Mengenal samar-samar ketika satu kelas dengannya. Aku tak pernah menjemput bola, ia lah yang mengeluarkan tanda-tanda. Aku seolah menang dan menemukan harta karun lengkap dengan petualangan penuh misteri. Aku tak akan bercerita panjang tentang kehadiran rasa kasmaran, waktu itu, ketika hujan sering datang bersama kilat dan angin. Sebuah cerita pendek yang dibuat untukku adalah mantra yang membuatku jatuh hati. Baru kali itu, tiga lembar tulisan secara sekejap dan tetiba membuatku menerimamu. Dahulu, aku sedikit meragukanmu.
***

Buku adalah barang yang layak mendapat banyak ucapan terima kasih. Saban malam aku selalu membaca buku. Tunggu, jangan anggap aku ini pandai dan kutu buku. Hal lain mengharuskanku membaca. Kadang-kadang, tak jelas dari mana datangnya, aku kesulitan untuk tertidur. Saat itulah aku membaca buku, layaknya sebuah obat penawar. Lima belas menit kemudian, hanya ada suara dengkuran dan lelehan ludah.

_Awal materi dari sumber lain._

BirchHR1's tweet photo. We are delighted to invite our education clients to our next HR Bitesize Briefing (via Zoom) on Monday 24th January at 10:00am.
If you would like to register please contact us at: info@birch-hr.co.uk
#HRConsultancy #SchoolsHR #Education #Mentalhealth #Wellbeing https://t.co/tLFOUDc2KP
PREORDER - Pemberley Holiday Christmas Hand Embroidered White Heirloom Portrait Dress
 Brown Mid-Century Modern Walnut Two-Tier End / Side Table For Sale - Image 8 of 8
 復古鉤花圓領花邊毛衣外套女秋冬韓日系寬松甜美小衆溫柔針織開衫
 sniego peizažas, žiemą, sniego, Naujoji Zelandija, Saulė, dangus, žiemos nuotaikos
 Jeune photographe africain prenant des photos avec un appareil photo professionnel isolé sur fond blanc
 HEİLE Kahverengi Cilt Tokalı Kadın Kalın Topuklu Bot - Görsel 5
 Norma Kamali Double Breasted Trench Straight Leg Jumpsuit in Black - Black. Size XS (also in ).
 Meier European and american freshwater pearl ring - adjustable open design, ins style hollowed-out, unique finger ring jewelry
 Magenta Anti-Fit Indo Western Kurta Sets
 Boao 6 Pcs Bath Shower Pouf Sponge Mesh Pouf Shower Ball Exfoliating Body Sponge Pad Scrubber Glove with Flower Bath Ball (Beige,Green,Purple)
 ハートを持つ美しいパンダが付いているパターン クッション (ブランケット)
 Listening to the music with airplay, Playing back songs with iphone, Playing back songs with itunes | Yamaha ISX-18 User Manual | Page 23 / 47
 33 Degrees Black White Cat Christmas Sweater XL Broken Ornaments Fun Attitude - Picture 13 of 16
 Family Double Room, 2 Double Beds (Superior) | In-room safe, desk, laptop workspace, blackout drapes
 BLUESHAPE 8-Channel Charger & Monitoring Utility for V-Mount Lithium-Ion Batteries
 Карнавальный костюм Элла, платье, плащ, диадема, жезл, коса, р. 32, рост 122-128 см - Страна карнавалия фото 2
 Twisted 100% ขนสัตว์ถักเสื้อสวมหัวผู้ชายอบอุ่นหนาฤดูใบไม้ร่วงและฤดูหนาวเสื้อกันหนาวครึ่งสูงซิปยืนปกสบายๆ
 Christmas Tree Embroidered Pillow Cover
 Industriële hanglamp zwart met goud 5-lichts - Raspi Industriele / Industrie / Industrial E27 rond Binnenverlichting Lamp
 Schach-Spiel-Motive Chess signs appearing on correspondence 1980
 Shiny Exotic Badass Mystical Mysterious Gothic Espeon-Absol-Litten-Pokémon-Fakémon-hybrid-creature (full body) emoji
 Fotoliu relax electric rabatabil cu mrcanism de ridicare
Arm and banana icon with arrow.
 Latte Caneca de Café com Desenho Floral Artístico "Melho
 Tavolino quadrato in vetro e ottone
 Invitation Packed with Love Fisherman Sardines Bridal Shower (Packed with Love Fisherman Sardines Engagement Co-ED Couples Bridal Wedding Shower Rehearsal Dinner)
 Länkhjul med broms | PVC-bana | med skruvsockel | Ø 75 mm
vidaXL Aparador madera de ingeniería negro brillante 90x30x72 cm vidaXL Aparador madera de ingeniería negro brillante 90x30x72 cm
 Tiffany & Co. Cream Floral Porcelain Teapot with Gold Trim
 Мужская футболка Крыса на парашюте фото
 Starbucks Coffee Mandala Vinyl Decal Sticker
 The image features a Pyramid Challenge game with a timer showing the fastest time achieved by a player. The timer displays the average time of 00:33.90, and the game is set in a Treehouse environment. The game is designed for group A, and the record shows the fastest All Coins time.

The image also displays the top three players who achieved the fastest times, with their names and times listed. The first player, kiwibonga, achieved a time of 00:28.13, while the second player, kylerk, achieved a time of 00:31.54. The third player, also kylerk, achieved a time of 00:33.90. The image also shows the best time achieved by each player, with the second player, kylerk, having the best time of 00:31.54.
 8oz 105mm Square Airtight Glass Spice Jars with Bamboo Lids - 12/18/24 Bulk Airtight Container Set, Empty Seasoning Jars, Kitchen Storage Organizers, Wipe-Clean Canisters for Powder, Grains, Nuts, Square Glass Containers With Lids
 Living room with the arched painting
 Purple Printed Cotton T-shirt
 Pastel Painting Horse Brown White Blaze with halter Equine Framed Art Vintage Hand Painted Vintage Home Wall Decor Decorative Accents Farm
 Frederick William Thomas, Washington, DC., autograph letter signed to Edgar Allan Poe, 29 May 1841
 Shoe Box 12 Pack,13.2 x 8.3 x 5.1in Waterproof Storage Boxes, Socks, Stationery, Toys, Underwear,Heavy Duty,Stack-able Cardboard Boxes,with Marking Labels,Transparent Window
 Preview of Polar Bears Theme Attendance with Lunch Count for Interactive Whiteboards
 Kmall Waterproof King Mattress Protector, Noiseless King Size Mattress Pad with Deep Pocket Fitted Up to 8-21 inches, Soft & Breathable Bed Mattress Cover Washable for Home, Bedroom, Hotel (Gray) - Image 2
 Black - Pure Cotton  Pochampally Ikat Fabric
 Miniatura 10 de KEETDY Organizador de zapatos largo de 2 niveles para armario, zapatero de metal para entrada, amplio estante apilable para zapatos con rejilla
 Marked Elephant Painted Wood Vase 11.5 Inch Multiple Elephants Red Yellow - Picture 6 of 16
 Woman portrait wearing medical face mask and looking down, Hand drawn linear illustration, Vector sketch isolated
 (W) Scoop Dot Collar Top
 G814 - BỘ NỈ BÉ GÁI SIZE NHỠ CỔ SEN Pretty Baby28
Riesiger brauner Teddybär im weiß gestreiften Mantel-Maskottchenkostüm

Buku hanya pengantar tidur yang mujarab. Sebulan satu kali aku akan mengunjungi toko buku untuk membeli novel atau kumpulan cerita pendek yang harganya telah kupatok tak terlalu mahal. Caranya, pilih saja buku yang tidak terbit pada bulan yang sama ketika membeli buku. Aku tak pernah mementingkan buku keluaran terbaru atau yang telah lama nangkring di rak-rak toko buku. Sepertinya, aku sedikit paham judul dan nama pengarang buku-buku sastra.
Tidak hanya malam hari, ketika ingin tidur siang, aku membaca buku agar segera tertidur. Hingga tak jarang, sederet kisah dalam buku pun masuk ke ruang mimpi. Bertransmisi ke dalam tidur. Siang itu, setelah membaca cerita pendek Eka Kurniawan, Perempuan Patah Hati yang Kembali Menemukan Cinta melalui Mimpi, aku bermimpi. Dalam mimpiku, Maya ditinggal kekasihnya demi perempuan yang tidak lain adalah sahabatnya, dan melalui mimpi ia akan memperoleh seorang kekasih. Ceritanya tak berubah, hanya saja laki-laki dalam mimpi Maya adalah kau. Laki-laki yang baru-baru ini jadi kekasihku.
Getaran ponsel dan meja berpelitur, membangunkanku. Rupa-rupanya pesan singkat darimu. Kau bercerita, sedikit mengeluh, kau merasa sial, seorang mahasiswa semester satu telah menyabet juara pertama cerpen langganan salah satu koran kenamaan di negeri ini. Aku hanya mampu bertanya, siapa mahasiswa semester satu itu. Aku tak tahu dan tak mau tahu, sebenarnya. Ya, walaupun akhirnya aku tetap mencari berita itu di internet.
***
Burung-burung pulang ke peraduan. Silam, ketika ekosistem masih seimbang, burung-burung akan pulang kepepohonan, ke dalam sangkar jerami buatan. Kini yang terjadi, burung-burung bergumul di atas kabel listrik yang silang sengkarut di atas riuh rendah suasana sore menuju malam. Burung-burung kehilangan pohon dan sangkar jerami, mereka terpaksa menggantinya dengan kabel hitam dan udara karbon monoksida yang melambung ke udara. Langit telah berkarat, menjelma kuning tua dan lampu merah akan meminta para pengendara untuk berhenti sejenak, menonton burung di atasnya. Warnanya hitam, berukuran seragam. Cukup mengerikan.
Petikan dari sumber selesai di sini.